DESCRIPTION OF THE TASK: As soon as the line containing "adidas Originals Daunenjacke" appears, start repeating lines exactly and continue to the end of the entries; please skip pictures.

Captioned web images
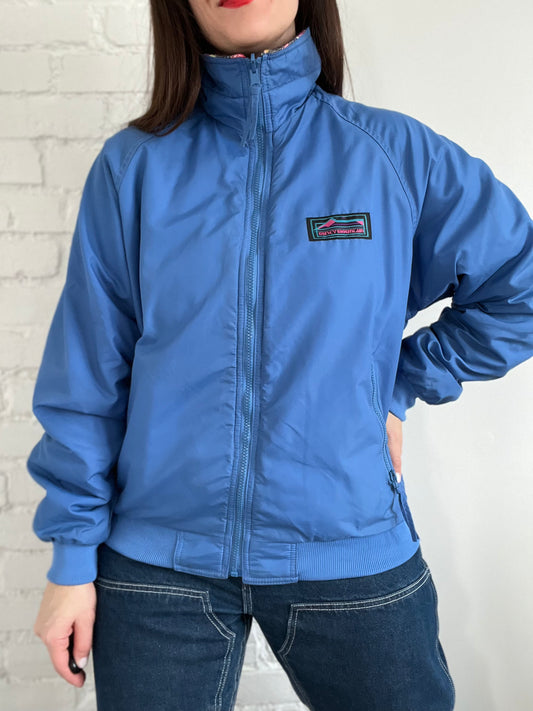 Misty Mountain Retro Ski Jacket - M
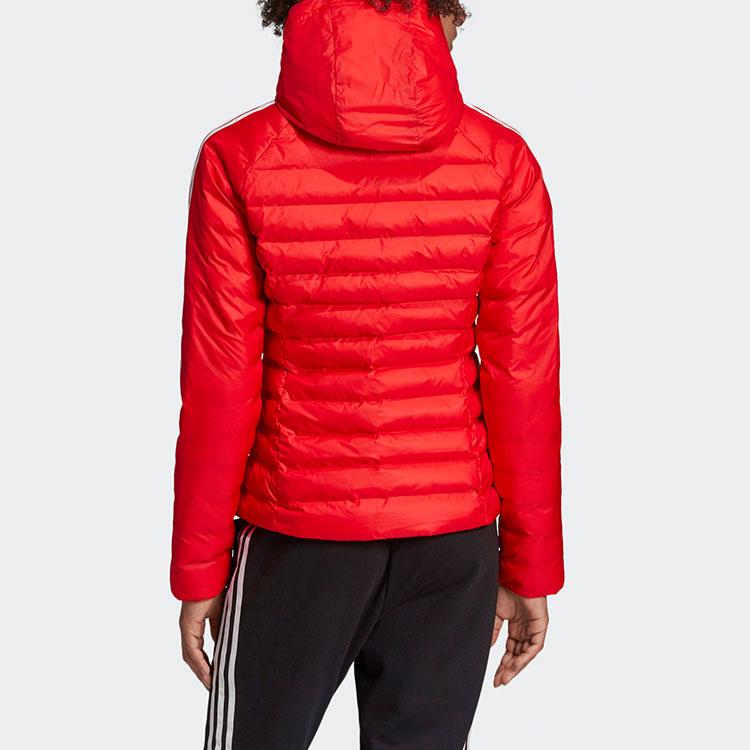 adidas Originals Daunenjacke Winter Damen Scharlachrot ED4785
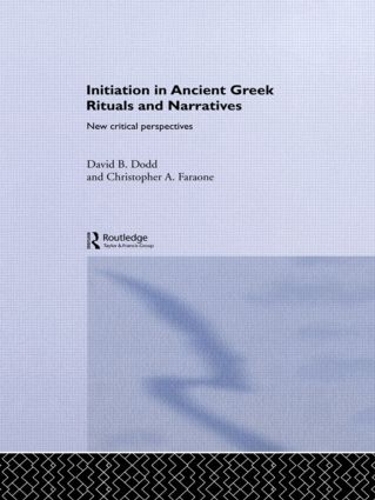 Бумажная книга «Initiation in Ancient Greek Rituals and Narratives: New Critical Perspectives» - фото №1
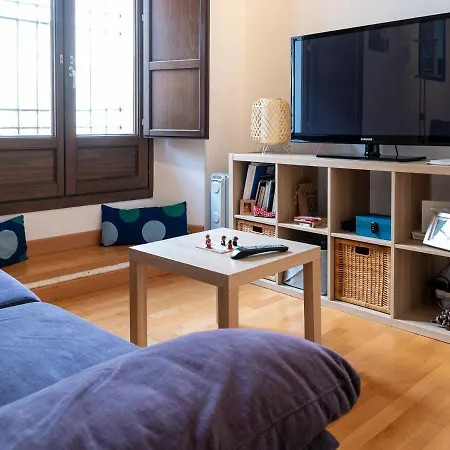 Apartamento Esparteria Parking Gratuito Cordoba Exterior photo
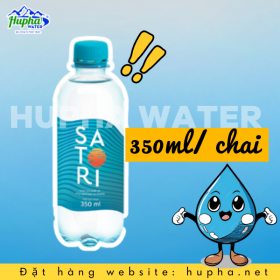 Khám Phá Nước uống đóng chai Satori 350ml quận 4: Tinh Khiết, Tiện Lợi, Giá Cả Hợp Lý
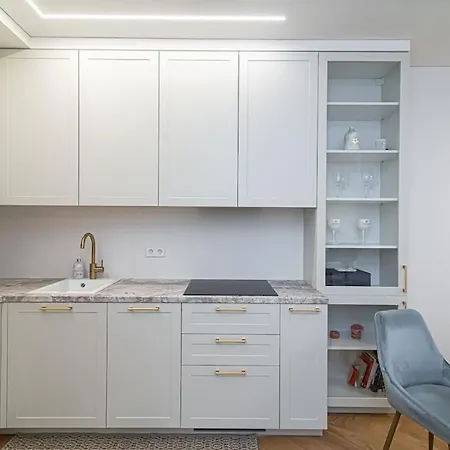 Apartamento Stylish With Balcony By Urban Rent Vilna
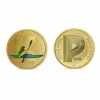 Médailles Et Monnaies<Boutiques de musées Médaillon Jeux Olympiques et Paralympiques de Paris 2024 - Alphabet Sport K - Para canoë-kayak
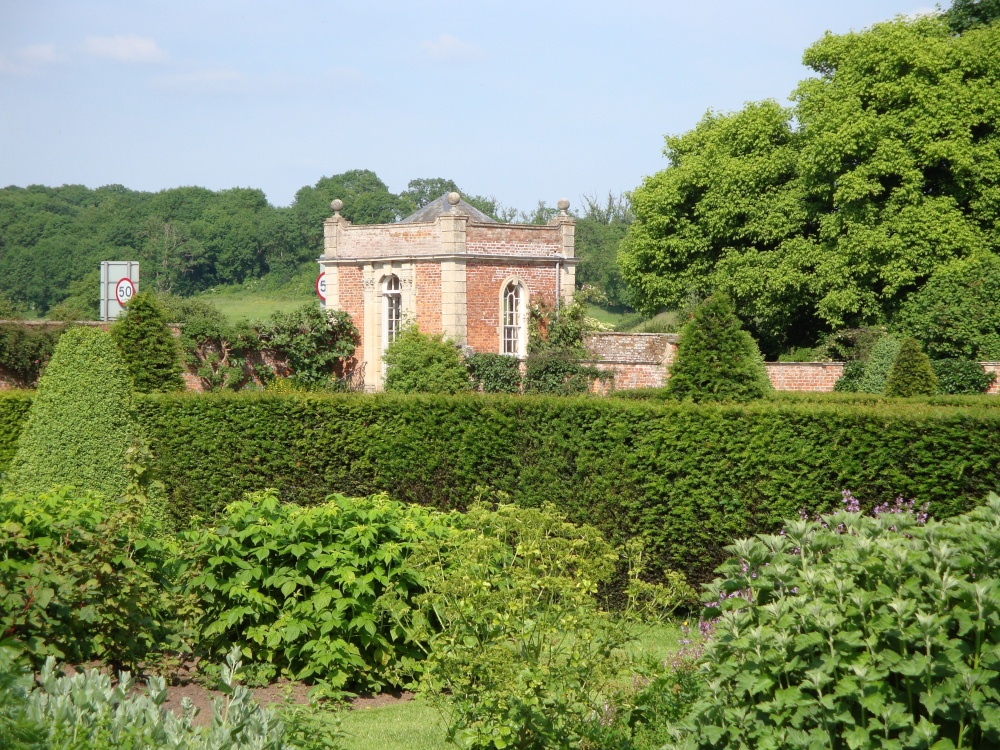 Westbury Court Garden June 2008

OUTPUT FOR THIS EXERCISE:
 adidas Originals Daunenjacke Winter Damen Scharlachrot ED4785
 Бумажная книга «Initiation in Ancient Greek Rituals and Narratives: New Critical Perspectives» - фото №1
 Apartamento Esparteria Parking Gratuito Cordoba Exterior photo
 Khám Phá Nước uống đóng chai Satori 350ml quận 4: Tinh Khiết, Tiện Lợi, Giá Cả Hợp Lý
 Apartamento Stylish With Balcony By Urban Rent Vilna
 Médailles Et Monnaies<Boutiques de musées Médaillon Jeux Olympiques et Paralympiques de Paris 2024 - Alphabet Sport K - Para canoë-kayak
 Westbury Court Garden June 2008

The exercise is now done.